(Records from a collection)
--------------------------------

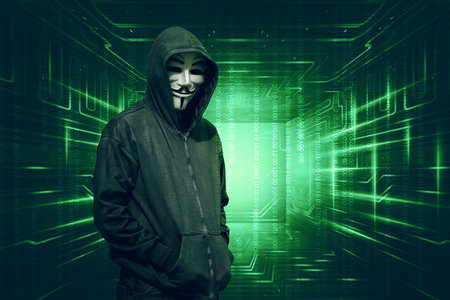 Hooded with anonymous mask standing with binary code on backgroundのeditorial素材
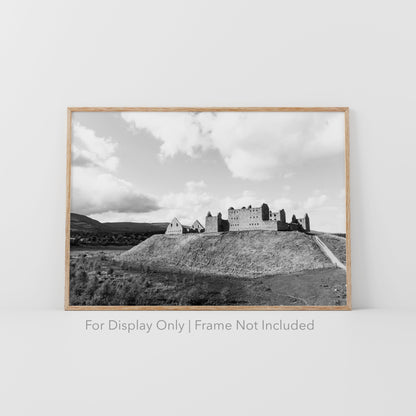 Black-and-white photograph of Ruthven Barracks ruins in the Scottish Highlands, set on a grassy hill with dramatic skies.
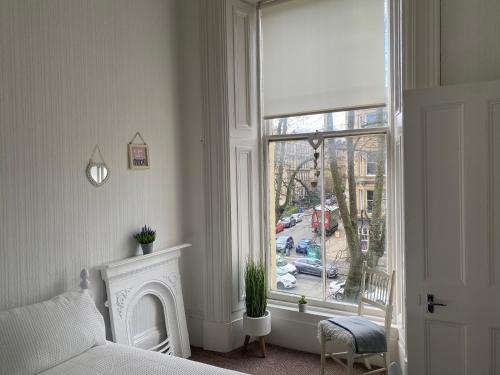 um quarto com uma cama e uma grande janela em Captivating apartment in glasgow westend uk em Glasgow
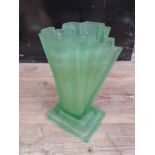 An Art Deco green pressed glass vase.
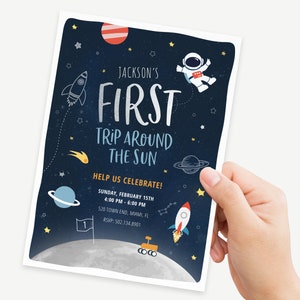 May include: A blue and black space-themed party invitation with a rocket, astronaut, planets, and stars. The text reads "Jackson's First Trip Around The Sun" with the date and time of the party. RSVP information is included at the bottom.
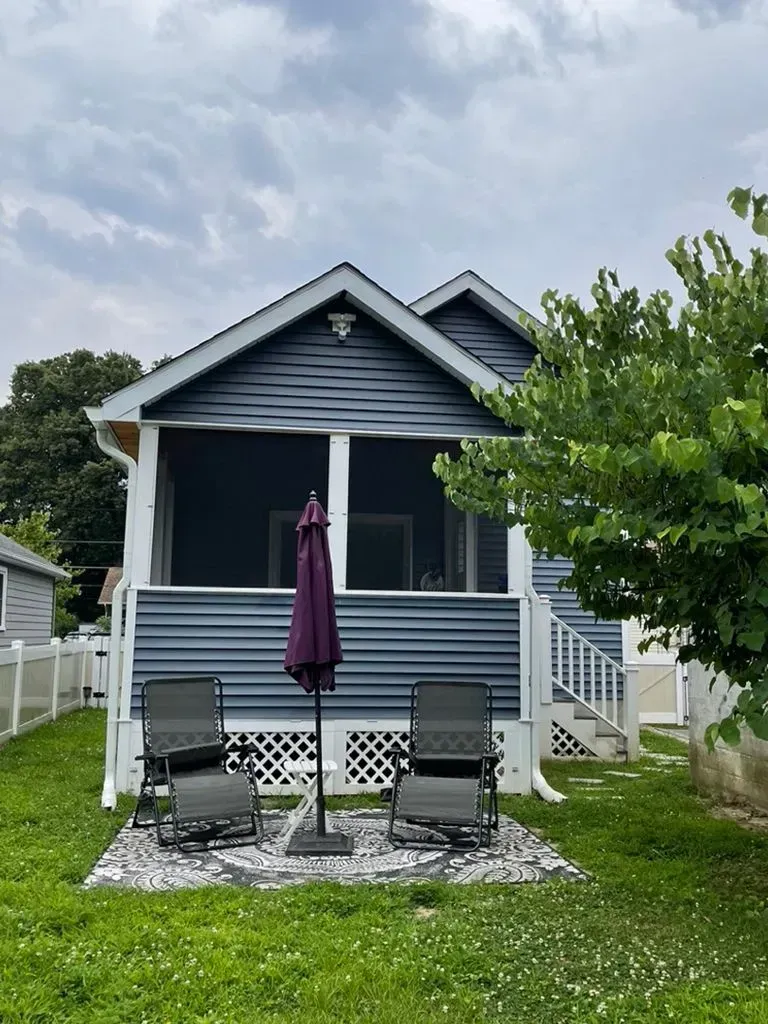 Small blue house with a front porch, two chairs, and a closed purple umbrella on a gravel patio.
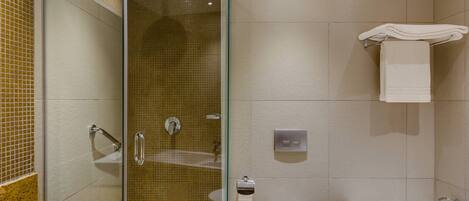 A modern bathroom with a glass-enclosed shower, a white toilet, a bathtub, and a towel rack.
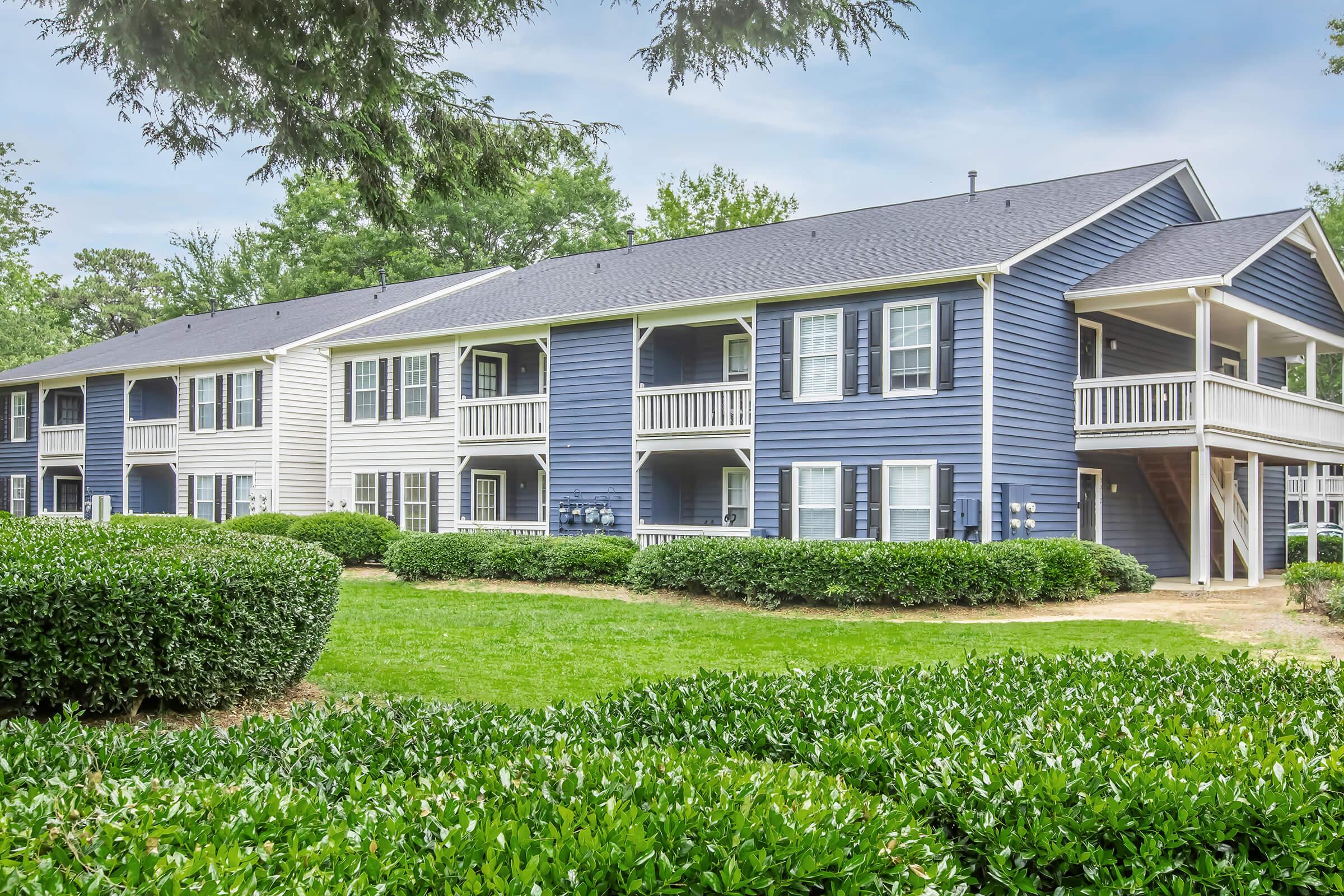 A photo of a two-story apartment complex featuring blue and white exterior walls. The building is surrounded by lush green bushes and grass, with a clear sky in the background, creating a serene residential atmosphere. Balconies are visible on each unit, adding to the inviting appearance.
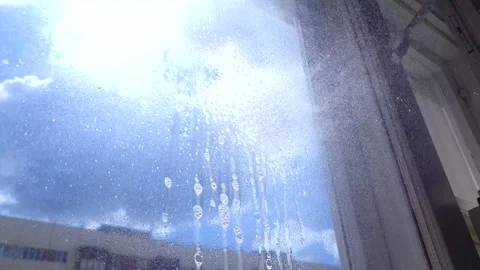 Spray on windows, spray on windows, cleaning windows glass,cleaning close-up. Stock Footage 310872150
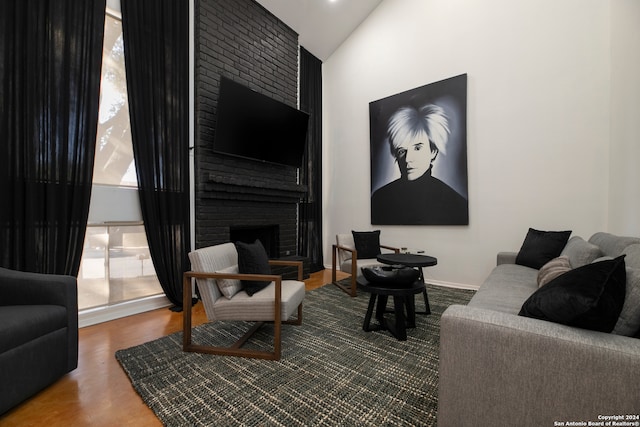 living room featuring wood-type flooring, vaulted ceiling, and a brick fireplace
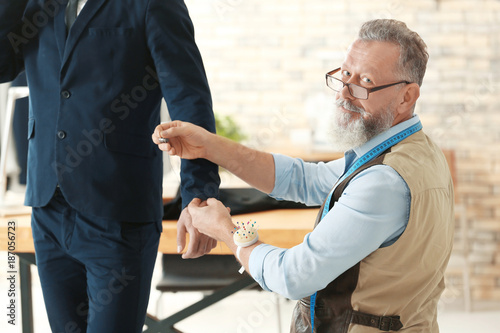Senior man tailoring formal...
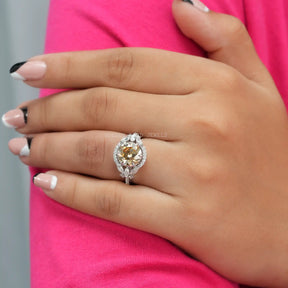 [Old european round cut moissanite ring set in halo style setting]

--------------------------------

Exercise prompt =
For the entries above, print exactly the lines between the one with "A photo of a" and the one with "living room featuring", inclusive, with no pictures.

Expected answer =
 A photo of a two-story apartment complex featuring blue and white exterior walls. The building is surrounded by lush green bushes and grass, with a clear sky in the background, creating a serene residential atmosphere. Balconies are visible on each unit, adding to the inviting appearance.
 Spray on windows, spray on windows, cleaning windows glass,cleaning close-up. Stock Footage 310872150
 living room featuring wood-type flooring, vaulted ceiling, and a brick fireplace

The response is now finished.